Edit: Is that the Thermalright AXP-100R in the case? Its 58 mm high according to spec, how much space is there for cooling? (56mm seems to not be correct?)

http://www.techpowerup.com/reviews/Fractal_Design/NODE_202/images/instmb.jpg


----------



## Assimilator (Sep 1, 2015)

Tests of small cases are pretty useless without temperature and noise measurements.


----------



## Jetster (Sep 1, 2015)

I need this right now. No really I needs it


----------



## Kriz (Sep 1, 2015)

Assimilator said:


> Tests of small cases are pretty useless without temperature and noise measurements.


This is from Silent PC Review:

*System Configuration:*

*Intel Core i5-4690K* *processor*
*ASUS Strix GeForce GTX 980 graphics card*




I like Fractal Design. I built a system recently in a Fractal Node 304 (20L) and it performs very well, but it looks like the Node 202 is inferior to the SilverStone FTZ01 in this even more compact (10-15L) form factor.

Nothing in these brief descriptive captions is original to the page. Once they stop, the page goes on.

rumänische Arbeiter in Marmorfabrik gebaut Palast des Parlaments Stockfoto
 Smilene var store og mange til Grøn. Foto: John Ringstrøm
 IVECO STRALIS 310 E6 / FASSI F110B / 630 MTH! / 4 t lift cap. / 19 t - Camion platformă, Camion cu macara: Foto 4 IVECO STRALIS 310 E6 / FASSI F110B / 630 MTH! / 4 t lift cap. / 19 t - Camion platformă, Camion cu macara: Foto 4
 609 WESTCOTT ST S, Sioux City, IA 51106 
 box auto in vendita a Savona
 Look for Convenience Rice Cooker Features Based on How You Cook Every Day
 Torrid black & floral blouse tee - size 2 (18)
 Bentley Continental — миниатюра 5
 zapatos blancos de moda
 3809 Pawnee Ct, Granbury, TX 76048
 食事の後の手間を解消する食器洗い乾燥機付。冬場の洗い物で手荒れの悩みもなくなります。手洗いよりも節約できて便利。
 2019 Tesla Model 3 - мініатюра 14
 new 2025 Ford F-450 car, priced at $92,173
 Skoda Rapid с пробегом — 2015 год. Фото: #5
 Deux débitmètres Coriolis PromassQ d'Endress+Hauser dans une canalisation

That being said, if you prefer the Node 202 aesthetic over the FTZ01, then a GTX 750 or GTX 950 will be a much better option over a GTX 980 regarding heat and noise, without some very creative watercooling mods being applied.

Links to reviews on SPCR:
Fractal Design Node 202 Compact Gaming Case
SilverStone FTZ01: Mini-ITX Fortress


----------



## Nokiron (Sep 1, 2015)

Kriz said:


> This is from Silent PC Review:
> 
> *System Configuration:*
> 
> ...


I think the lack of system fans contribute to that problem.


----------



## Assimilator (Sep 1, 2015)

Kriz said:


> This is from Silent PC Review:
> 
> *System Configuration:*
> 
> ...



That's exactly the info that this review should have conveyed, but didn't. Many thanks.

I like Fractal's cases too but it looks like the 202 is a swing and a miss. Those temperatures are frightening.


----------



## Nokiron (Sep 1, 2015)

Assimilator said:


> That's exactly the info that this review should have conveyed, but didn't. Many thanks.
> 
> I like Fractal's cases too but it looks like the 202 is a swing and a miss. Those temperatures are frightening.


Don't you think the two fans contribute to that? Which is non-existent in the Node 202.


----------



## jboydgolfer (Sep 10, 2015)

great case, would be even better if you could buy one.


----------



## zalbard (Oct 1, 2015)

Nokiron said:


> Edit: Is that the Thermalright AXP-100R in the case? Its 58 mm high according to spec, how much space is there for cooling? (56mm seems to not be correct?)
> 
> http://www.techpowerup.com/reviews/Fractal_Design/NODE_202/images/instmb.jpg


I am curious about that as well!


----------